As you already know, quick and easy swipe gesture from the left edge of the screen opens now the panel with settings, that includes an option to select one of three supported modes: navigation, scan and edit, and hotspot signals density.

But there is more for swiping in the app. At every moment a swipe from the right edge of the screen opens additional panel with appropriate content (don't worry - the panels do not interfere with each other - if a user swipes out a panel from the right, the left side panel is pulled in, and vise versa - if a user swipes from the left, the right side panel is pulled in).

The content of the right side panel depends from currently selected mode. For example, in the Scan and Edit mode the panel shows a list of points with measurements. And in the hotspot signals density mode, the panel shows a list of hotspots. And even more - if a map consists of several floors, by default the panels show partial lists of points or hotspots that belong to the current floor only. You may click Show all button to get entire listing. When you zoom in the map the list of points is restricted even more to contain only points from currently visible area.

You may wonder what will be shown in the right panel while in the navigation mode. I'll let you to guess, and give the answer in future posts. Stay tuned.

Monday, January 12, 2015

More details about future version of WiFiLine

Today I'm posting a screen with a map in the updated edit mode. It now provides a grid with logical image coordinates (the ones defined in your SVG image viewBox tag, as you may recall they are used during measurements), and 10 meter scale in the bottom right corner (it's shown only if your map contains a valid scale attribute in the image tag of the map).
The next screen demonstrates new progress indicator shown during continuous scanning.

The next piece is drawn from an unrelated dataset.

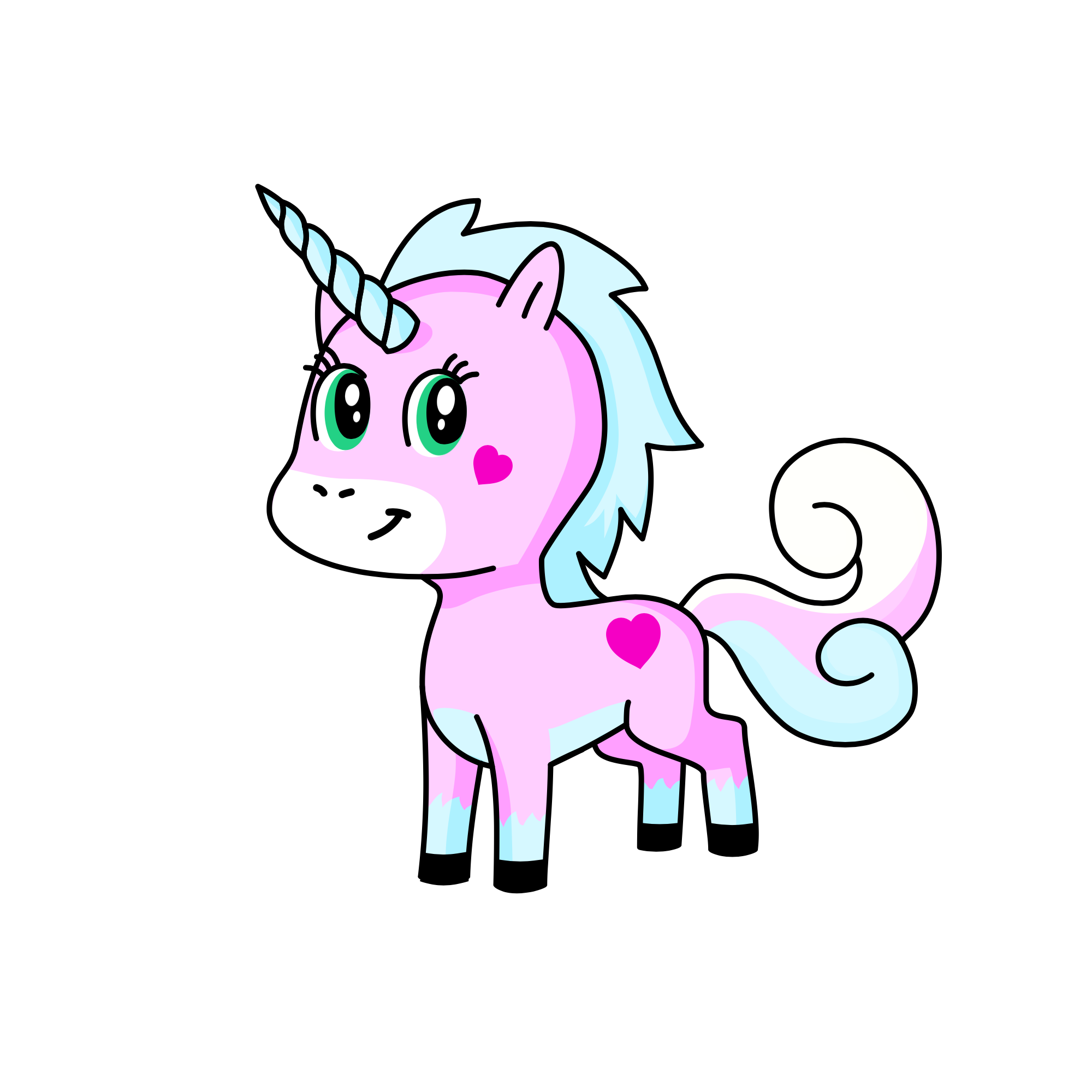 Vic, the unicorn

It let you know that WiFi-scanning is actually running (unfortunately, it may occasionally freeze somewhere inside Android system or even hardware), and overall number of aquired measurements is counting in the center.

Sunday, January 11, 2015

New WiFiLine version is under development

I decided to post a small piece of news regarding WiFiLine. Mostly it's intended to let you know that I'm working on a new version of WiFiLine. The app will be reworked considerably. Among most important features are: more simple yet modern looking user interface, new location algorithm, some other improvements in functionality. Take a look at the screens.

I'm planning to share info on the progress with you.